Most of ATTACK! will be concerned with the holistic curriculum which, if acted on, is a fundamental way to undermine the present undemocratic education system. Don’t be discouraged if opportunities to teach holistically are limited, do your best, be a guardian, and act as a witness to this culturally significant and inspiring way of teaching and learning.

To get in touch for comment, questions, and the ATTACK! issues to be sent to you personally:

Attack! 10 Holistic curriculum-driven leadership as against a control managerialist-driven one

Click here to download

This entry was posted in Attack, Curriculum, Education Policy, Principals, Schooling and tagged , , , , . Bookmark the permalink.

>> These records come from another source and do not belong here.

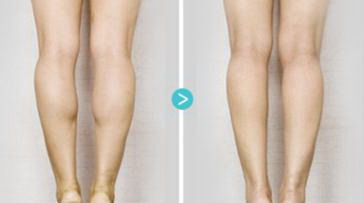 大腿吸脂消肿期是多久(大腿吸脂最快几天消肿)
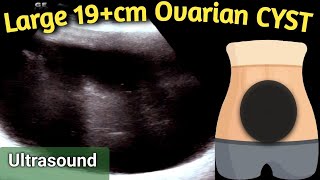 Ultrasound 19 cm Large Ovarian Cyst  equal to size of Handball in Abdomen [upl. by Lirbaj879]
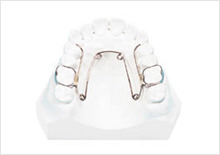 矯正治療について vol.3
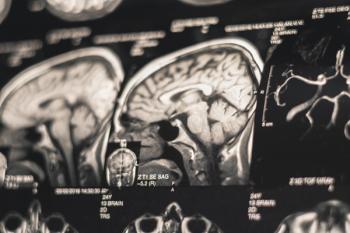 Brain with Parkinson disease -- Image credit: Vadym | stock.adobe.com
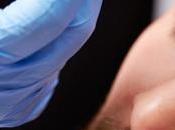 Cirugía plástica, nueva tendencia entre hombres millennials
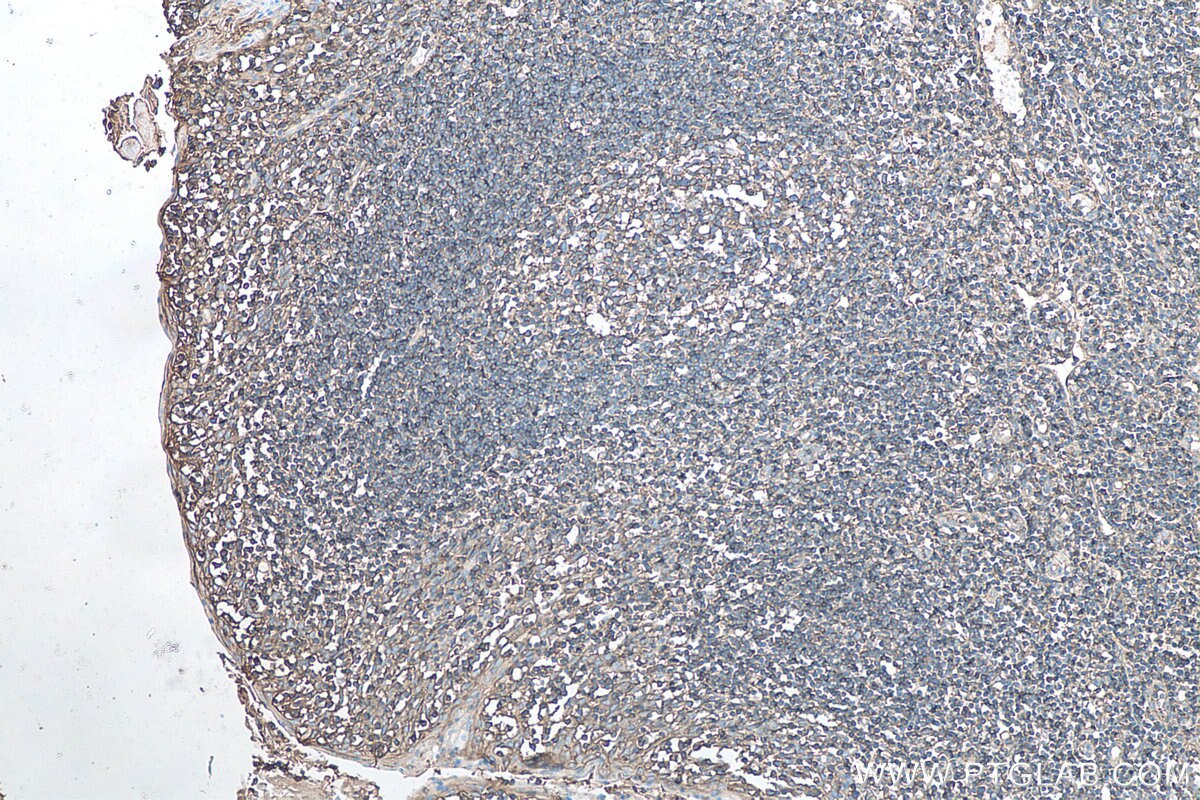 Immunohistochemical analysis of paraffin-embedded human tonsillitis tissue slide using KHC0089 (HLA-E IHC Kit).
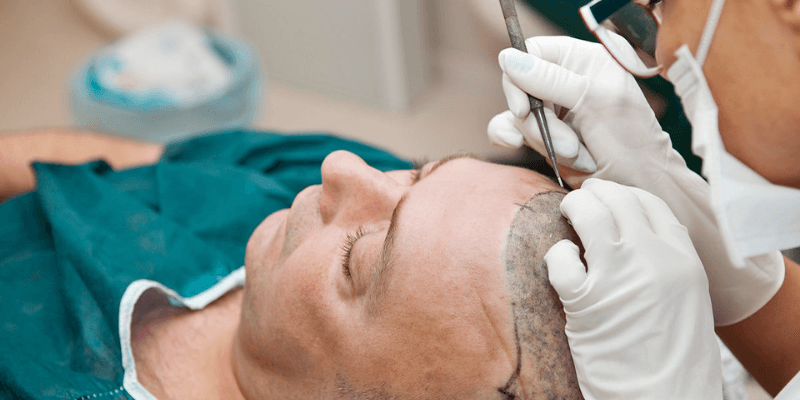 Beste haartransplantation türkei: Ein umfassender Leitfaden für Patienten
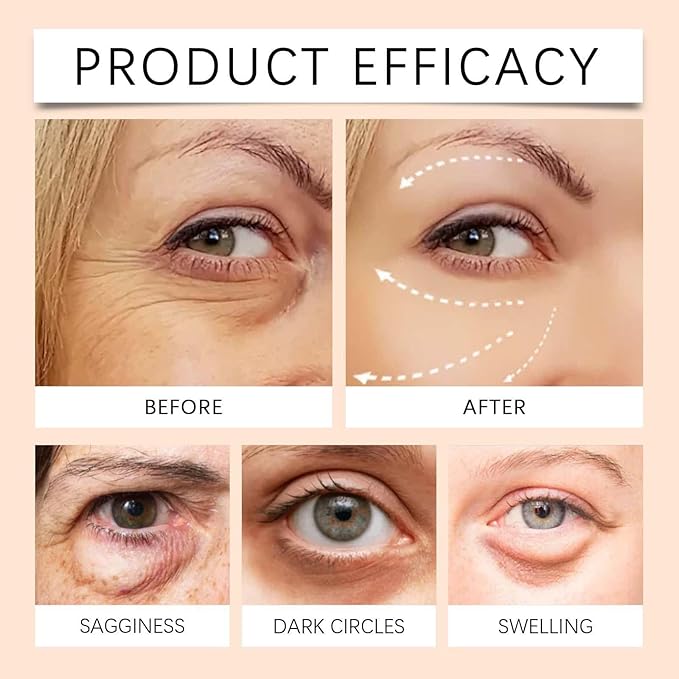 5D Peptide Anti-Wrinkle Eye Cream, Anti-Wrinkle Firming Eye Cream, 5D Peptide Anti Aging Eye Cream, Peptide Lifting Eye Gel, For Dark Circles and Puffiness (3pcs)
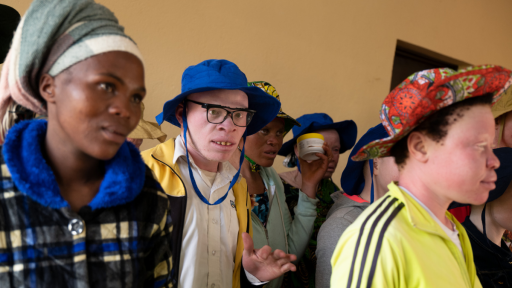 ¿Por qué la piel sin melanina sufre más?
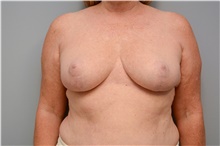 Breast Reduction After Photo by Carlos Rivera-Serrano, MD; Bay Harbour Islands, FL - Case 43656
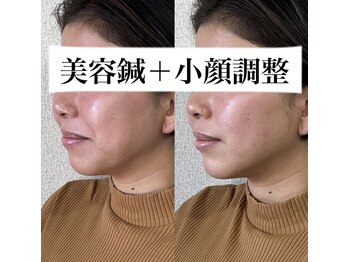 つばさ鍼灸院/1回の効果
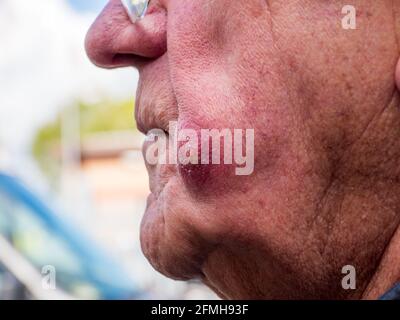 Abszess auf der Seite eines mans-Gesichts Stockfoto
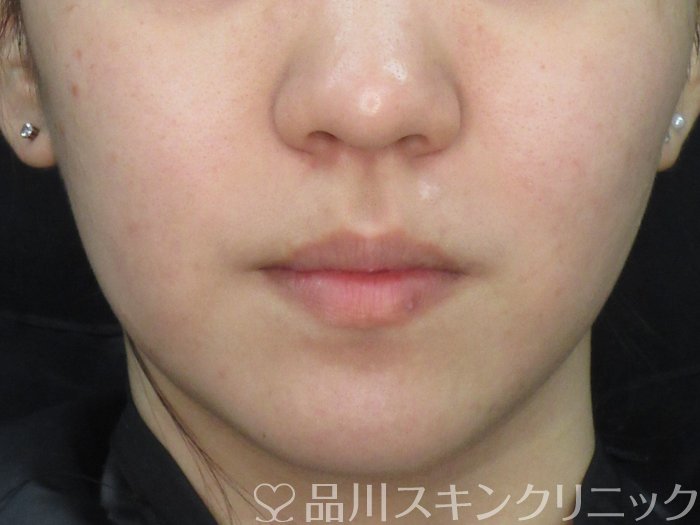 症例NO.73488のAFTER写真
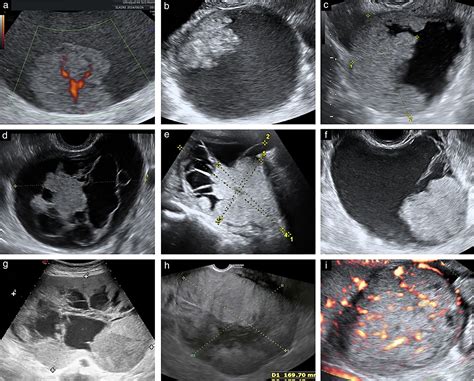 can an ultrasound detect ovarian cancer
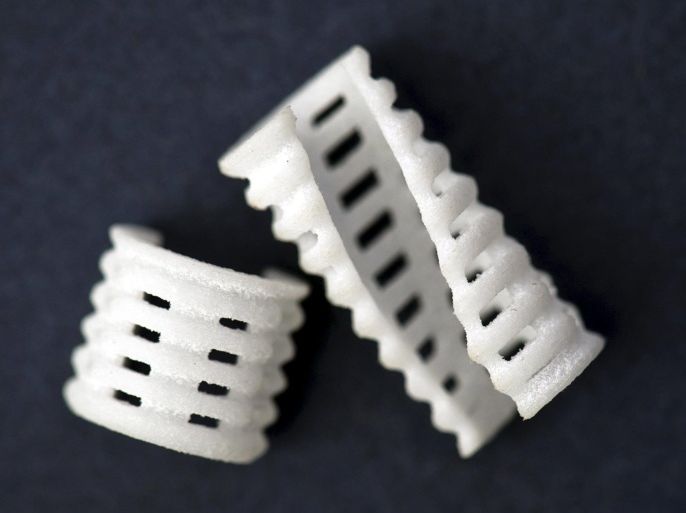 University of Michigan Health System photo shows trachea splints made with a "bioabsorbable" material using 3D printing in this handout image released to Reuters on April 29, 2015. U.S. doctors treated three infants with an often-fatal airway disease by implanting a 3-D printed medical device that improves breathing and changes shape as the children grow, the researchers reported on Wednesday. REUTERS/Leisa Thompson/UMHS/Handout via ReutersATTENTION EDITORS - THIS PICTURE WAS PROVIDED BY A THIRD PARTY. REUTERS IS UNABLE TO INDEPENDENTLY VERIFY THE AUTHENTICITY, CONTENT, LOCATION OR DATE OF THIS IMAGE. THIS PICTURE IS DISTRIBUTED EXACTLY AS RECEIVED BY REUTERS, AS A SERVICE TO CLIENTS. FOR EDITORIAL USE ONLY. NOT FOR SALE FOR MARKETING OR ADVERTISING CAMPAIGNS. NO ARCHIVES. NO SALES.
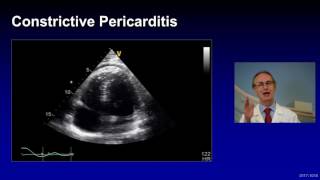 Treatment of Complicated Pericarditis [upl. by Adnovad975]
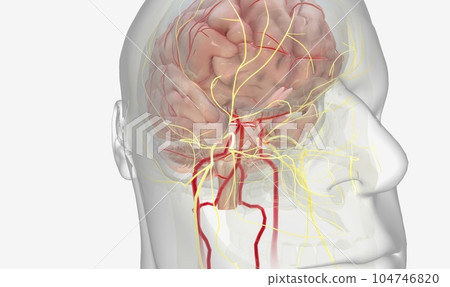Migraine is a neurological disorder characterized by recurring, 104746820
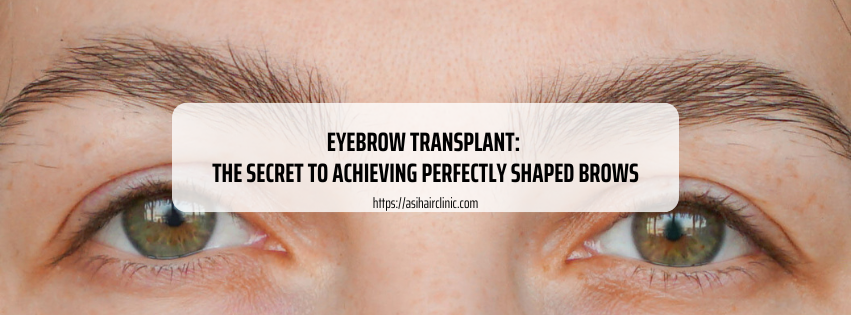 Eyebrow Transplant: The Secret to Achieving Perfectly Shaped Brows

3 Responses to Attack! 10 Holistic curriculum-driven leadership as against a control managerialist-driven one

  1. Roger Young says:

    I couldn’t agree more with Kelvin’s writing in Attack 10. The idea that education promotes variety and creativity is essential for today’s children. About the only thing we know about what the world might be like for them in twenty years is that they will need to be creative and inventive thinkers. They will need to be diverse and able to solve issues. Our current system is driving towards a school system which attempts to make everyone identical. We are trying to make little robots. The concept that each person is to progress along an orderly prescribed line and be the same as everyone else at the same time is not only self defeating it is impossible to achieve.
    The real strengths in New Zealand education was in its diversity and independence of each school. We were once world leaders in primary schooling because of the diversity of our schools, not the similarity.
    We seem to be losing the ‘In the Early World’ creativity and holistic learning that made our primary schools so successful.
    Perhaps it was that success that frightened the neo-liberal business leaders into changing the schools back to producing the next generation’s unquestioning labour.

  2. John Carrodus says:

    An uplifting futuristic vision Kelvin. One I hope may serve as a cornerstone to young teachers and future educational leaders, parents and learners. The truth here is far to complex and subtle for politicians, multinational business and special interests to grasp – they see it as a threat to be snubbed out, a flicker in the brush that may ( one day hopefully ) spread.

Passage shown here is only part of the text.